The scientists asked the dog, separated from his owner, to retrieve items both familiar and unfamiliar. "We quickly established he does know what these toys are," Fischer says.

Asked to fetch an item he had never heard of from an assortment of known toys, Rico returned with the item in seven of 10 tests.

Trained to retrieve since the age of 10 months, Rico knows 260 words for his toys, researchers say. They include "panda" and "tiger." Because Rico lives with a German family, he also understands tongue-twisters such as weihnachtsmann (Santa Claus).

"We know dogs are clever, but this is the first time one has been tested with human psychology techniques and delivered interesting results," says canine expert Claudio Sillero of the United Kingdom's Oxford University, who was not on Fischer's team.

Rico's word knowledge is comparable to that of trained apes, dolphins, sea lions and parrots. Such quickness to learn a word eludes chimpanzees, thought to be man's closest relative.
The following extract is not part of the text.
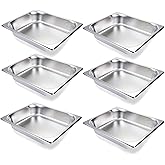 GDOODM 6 Pack Half Size Hotel Pans, 1/2 Size Steam Table Pan 2.5 Inch Deep Commercial Stainless Steel Pan for Food, Catering Pan for Hotel, Buffet, Restaurant and Party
While canine specialists consider wolves more clever than dogs, a 2002 study suggests dogs surpass wolves and chimps in following the human gaze and understanding commands.

Yale psychologist Paul Bloom, in a commentary accompanying the study, expressed doubt about Fischer's suggestion that Rico truly understands the words in his vocabulary.

Bloom notes that compared to children, Rico's knowledge of words is still tiny.

The scientists agree that other dogs must be tested to see whether Rico is a canine Einstein or merely a particularly enthusiastic fetching aficionado.

Working-breed dogs such as Rico can make terrible house pets, Fischer warns. "He is a workaholic who has been bred to retrieve and respond to commands. Families would be better off with a dog who likes to sleep around the house while they are working, instead of tearing it apart."